RANDALL A. LAKE
An Illinois native who migrated with her family to Oregon in 1852 at the age of seventeen, Abigail Scott Duniway devoted more than four decades of her life to the cause of equal rights for women. With less than a year of formal education and responsibility for an invalid farmer husband and six children, "Jernnie" nonetheless became a school teacher, milliner, businesswoman, journalist, author, and vigorous proponent of equal rights. She was well informed on and broadly interested in public issues, trends, and reforms of the day, including spiritualism, abolitionism, temperance, bimetallism, immigration, and party politics, and was particularly concerned about women's economic plight. She fought for a woman's right to own property in her own name and to secure that property from her husband and his creditors. She railed against unequal wages on the job and unpaid labor at home, urging that marriage be organized as a business (Address, Progressive Party, 1914:8). Above all, she toiled ceaselessly for that one right on which, she believed, all improvements in woman's lot depended: the right to vote.

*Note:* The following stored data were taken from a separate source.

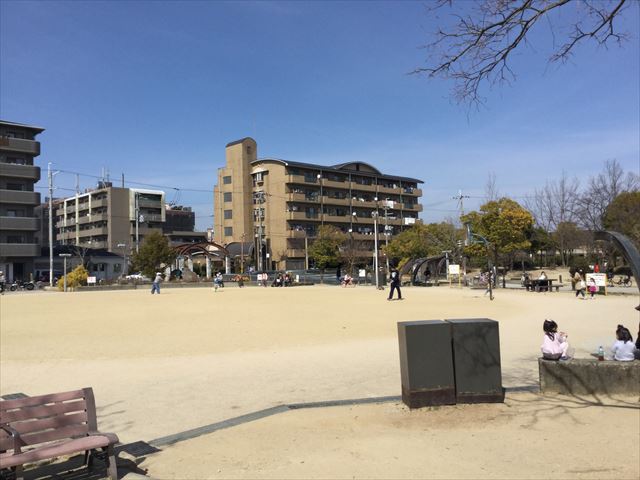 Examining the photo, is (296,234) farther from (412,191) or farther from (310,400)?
(310,400)

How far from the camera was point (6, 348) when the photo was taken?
39.5 ft

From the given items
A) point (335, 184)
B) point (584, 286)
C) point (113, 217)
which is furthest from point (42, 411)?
point (113, 217)

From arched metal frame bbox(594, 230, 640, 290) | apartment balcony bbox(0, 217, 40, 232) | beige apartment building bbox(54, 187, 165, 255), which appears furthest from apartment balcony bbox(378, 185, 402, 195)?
arched metal frame bbox(594, 230, 640, 290)

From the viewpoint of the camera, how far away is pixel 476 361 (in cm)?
635

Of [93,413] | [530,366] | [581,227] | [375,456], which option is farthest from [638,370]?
[581,227]

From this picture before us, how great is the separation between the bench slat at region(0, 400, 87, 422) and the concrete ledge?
17.9 ft

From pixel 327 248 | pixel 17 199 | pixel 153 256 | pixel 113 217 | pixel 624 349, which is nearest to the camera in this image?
pixel 624 349

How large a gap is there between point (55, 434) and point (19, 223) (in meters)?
64.1

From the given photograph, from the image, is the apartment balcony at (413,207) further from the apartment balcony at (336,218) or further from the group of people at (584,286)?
the group of people at (584,286)

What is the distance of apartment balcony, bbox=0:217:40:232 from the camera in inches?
2316

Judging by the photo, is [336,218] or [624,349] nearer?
[624,349]

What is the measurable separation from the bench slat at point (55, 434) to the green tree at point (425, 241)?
58.1m

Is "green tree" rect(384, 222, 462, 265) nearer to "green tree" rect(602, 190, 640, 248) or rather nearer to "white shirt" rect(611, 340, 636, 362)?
"green tree" rect(602, 190, 640, 248)

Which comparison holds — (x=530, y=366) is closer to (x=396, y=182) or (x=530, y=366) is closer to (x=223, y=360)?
(x=223, y=360)
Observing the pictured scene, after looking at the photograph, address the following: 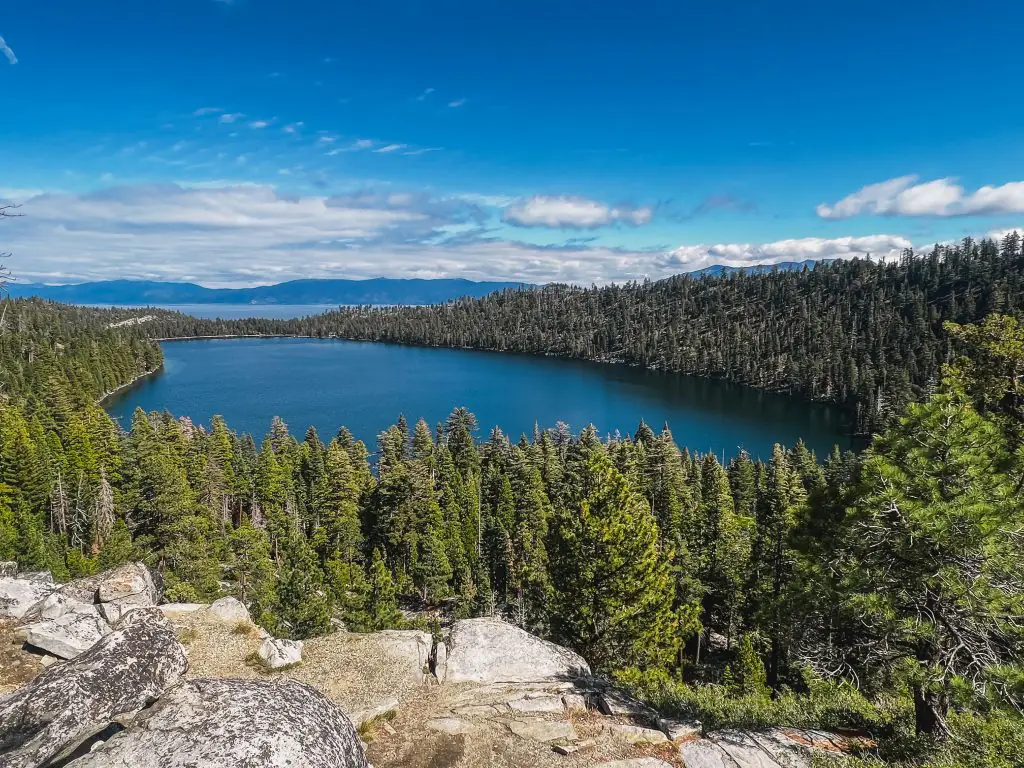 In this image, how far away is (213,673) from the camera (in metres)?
14.3

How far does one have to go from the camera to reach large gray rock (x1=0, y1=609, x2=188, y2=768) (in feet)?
27.1

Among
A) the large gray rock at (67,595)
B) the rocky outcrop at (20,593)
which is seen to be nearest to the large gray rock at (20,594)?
the rocky outcrop at (20,593)

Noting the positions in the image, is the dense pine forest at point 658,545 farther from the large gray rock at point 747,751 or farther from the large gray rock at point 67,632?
the large gray rock at point 67,632

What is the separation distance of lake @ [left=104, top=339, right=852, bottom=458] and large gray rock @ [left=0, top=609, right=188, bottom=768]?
9235 cm

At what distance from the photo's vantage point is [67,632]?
14078mm

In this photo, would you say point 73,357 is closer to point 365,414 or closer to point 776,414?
point 365,414

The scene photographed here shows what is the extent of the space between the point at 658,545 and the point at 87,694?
137ft

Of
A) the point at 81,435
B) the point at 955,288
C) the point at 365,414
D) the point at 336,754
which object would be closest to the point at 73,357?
the point at 365,414

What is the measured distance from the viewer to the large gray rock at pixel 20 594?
51.4ft

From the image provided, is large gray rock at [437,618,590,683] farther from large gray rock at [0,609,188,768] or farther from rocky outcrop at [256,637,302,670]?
large gray rock at [0,609,188,768]

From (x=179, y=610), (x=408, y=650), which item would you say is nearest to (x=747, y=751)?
(x=408, y=650)

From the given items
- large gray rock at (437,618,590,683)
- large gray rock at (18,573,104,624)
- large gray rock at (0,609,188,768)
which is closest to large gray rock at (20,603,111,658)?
large gray rock at (18,573,104,624)

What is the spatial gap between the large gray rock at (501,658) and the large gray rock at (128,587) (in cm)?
947

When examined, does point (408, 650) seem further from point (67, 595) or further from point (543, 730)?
point (67, 595) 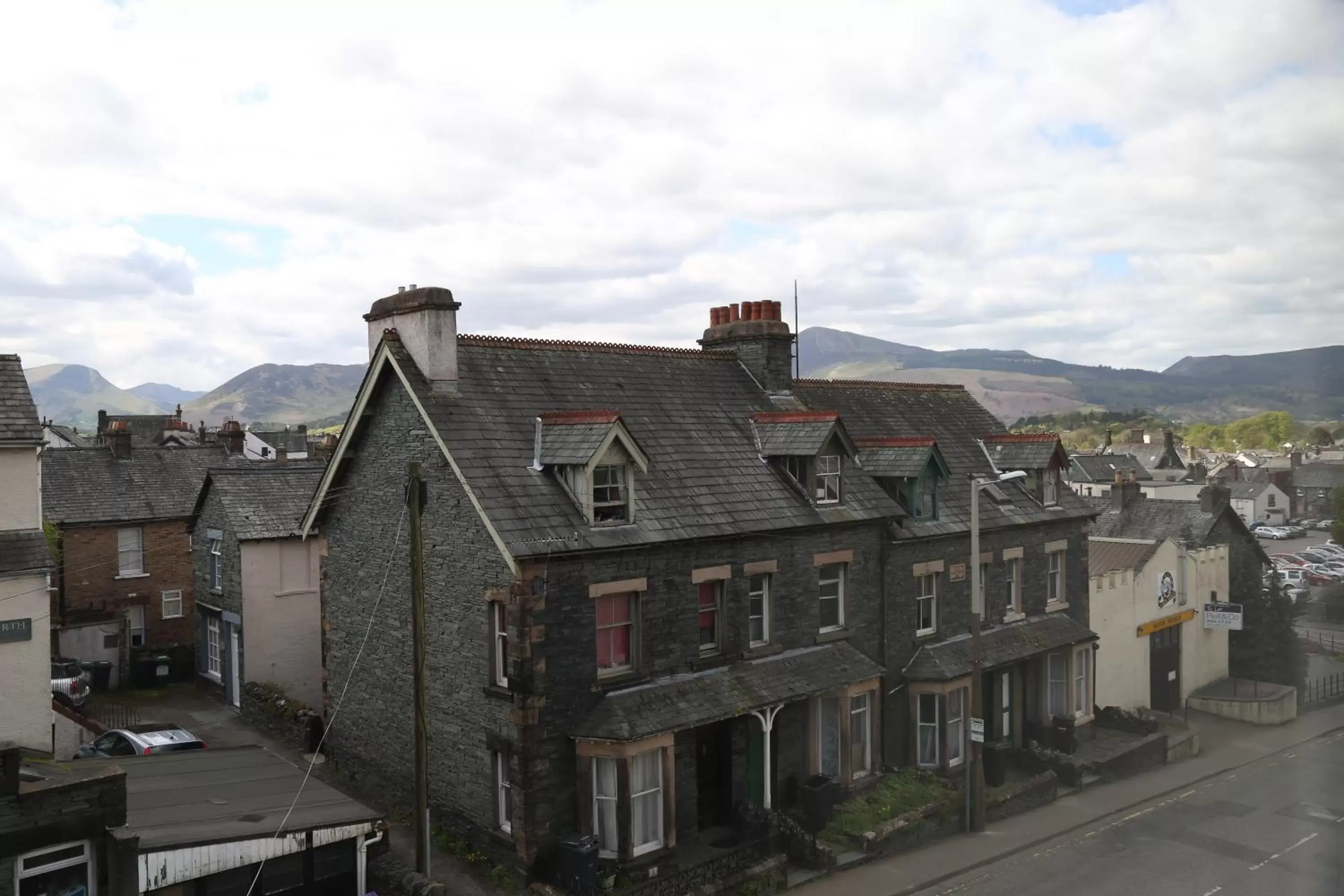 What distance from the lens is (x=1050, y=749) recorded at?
2698 cm

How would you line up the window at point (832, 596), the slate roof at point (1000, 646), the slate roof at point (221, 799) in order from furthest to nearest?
the slate roof at point (1000, 646) → the window at point (832, 596) → the slate roof at point (221, 799)

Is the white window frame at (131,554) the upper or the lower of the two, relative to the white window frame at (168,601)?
upper

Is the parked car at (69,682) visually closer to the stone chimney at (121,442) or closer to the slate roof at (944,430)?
the stone chimney at (121,442)

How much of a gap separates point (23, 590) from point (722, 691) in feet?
42.5

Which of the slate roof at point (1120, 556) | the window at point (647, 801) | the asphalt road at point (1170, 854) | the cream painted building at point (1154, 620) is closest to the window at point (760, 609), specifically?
the window at point (647, 801)

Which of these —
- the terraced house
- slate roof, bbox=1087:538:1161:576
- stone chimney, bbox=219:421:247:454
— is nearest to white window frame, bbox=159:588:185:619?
stone chimney, bbox=219:421:247:454

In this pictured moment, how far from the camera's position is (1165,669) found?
34031mm

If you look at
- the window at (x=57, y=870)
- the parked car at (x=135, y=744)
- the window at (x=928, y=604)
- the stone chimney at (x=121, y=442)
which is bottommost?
the parked car at (x=135, y=744)

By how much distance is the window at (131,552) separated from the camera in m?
33.9

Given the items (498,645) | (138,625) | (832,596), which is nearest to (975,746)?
(832,596)

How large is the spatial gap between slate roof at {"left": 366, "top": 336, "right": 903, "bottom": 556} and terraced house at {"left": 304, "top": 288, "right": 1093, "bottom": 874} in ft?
0.20

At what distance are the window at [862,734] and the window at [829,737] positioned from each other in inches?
20.5

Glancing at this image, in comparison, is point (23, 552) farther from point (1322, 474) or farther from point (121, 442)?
point (1322, 474)

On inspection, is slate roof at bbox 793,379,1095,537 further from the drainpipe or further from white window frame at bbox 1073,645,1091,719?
the drainpipe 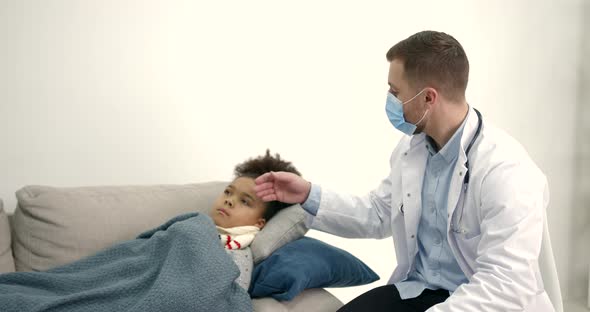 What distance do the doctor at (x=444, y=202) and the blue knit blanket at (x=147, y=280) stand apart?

To this end, Scott Duniway traveled thousands of miles, spoke on thousands of occasions, and wrote thousands of pages. She cut her teeth on the lecture circuit during SUSAN B. ANTHONY's thousand-mile speaking tour of Oregon and Washington in 1871, for which Scott Duniway served as business manager and delivered speeches of introduction. Thereafter, she stumped the territory herself, organizing local suffrage associations and canvassing for her woman's rights newspaper, The New Northwest (NNW). Her energies were spent primarily in her "chosen bailiwick," the Pacific Northwest. She divided the first twelve and one-half years of her efforts equally between Oregon and Washington, estimating that she delivered seventy speeches in each place every year for a total of 1,750 from 1871 to 1884. She was also the chief advocate for woman's rights in Idaho for nearly twenty years; her work there, she estimated, involved 140 public lectures and 12,000 miles of travel from 1876 to 1895. In 1886, she reported walking five miles every day except Sunday to collect subscriptions for the NNW, writing 100 pages, and delivering three to four public lectures per week ( Larson, 1976: 4; Myres, 1982:36n.42; ASD to Mrs. M. C. Athey, January 6, 1897, in ASD II; Address, NWSA, 1884). In addition, she lectured throughout northern California and in states across the country, including Illinois, Iowa, Wyoming, Utah, Michigan, Minnesota, Ohio, and Washington, D.C., on her way to and from national suffrage conventions. Finally, she participated actively in related reform organizations, including temperance alliances and women's clubs.